WORK REQUEST
The data below should be printed in full, exactly, and without any of its images.

(Short text fragments from websites)
- Opening Delimiter -
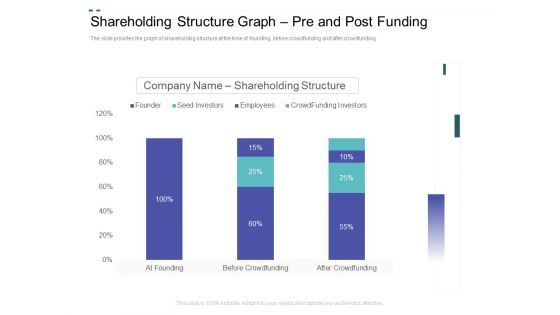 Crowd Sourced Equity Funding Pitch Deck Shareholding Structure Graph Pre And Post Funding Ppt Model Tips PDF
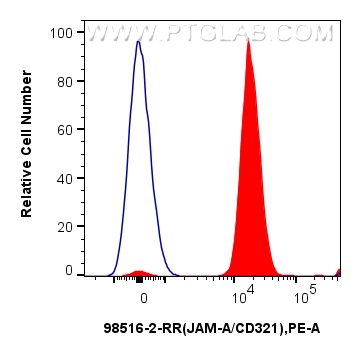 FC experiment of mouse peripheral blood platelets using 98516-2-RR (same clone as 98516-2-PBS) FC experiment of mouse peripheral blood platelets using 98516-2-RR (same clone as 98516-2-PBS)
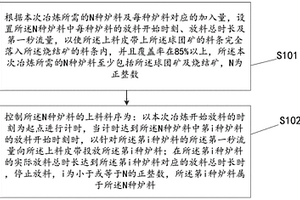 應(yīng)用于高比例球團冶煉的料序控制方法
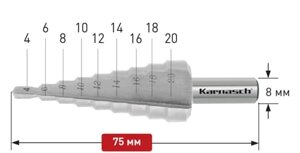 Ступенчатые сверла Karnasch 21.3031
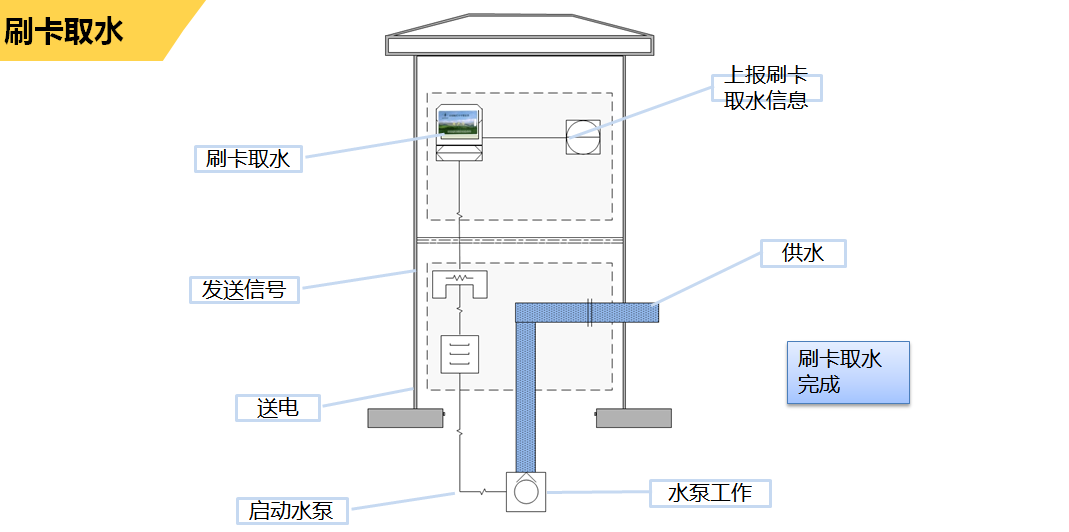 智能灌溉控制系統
- Closing Delimiter -
ANSWER BOX
 Crowd Sourced Equity Funding Pitch Deck Shareholding Structure Graph Pre And Post Funding Ppt Model Tips PDF
 FC experiment of mouse peripheral blood platelets using 98516-2-RR (same clone as 98516-2-PBS) FC experiment of mouse peripheral blood platelets using 98516-2-RR (same clone as 98516-2-PBS)
 應(yīng)用于高比例球團冶煉的料序控制方法
 Ступенчатые сверла Karnasch 21.3031
 智能灌溉控制系統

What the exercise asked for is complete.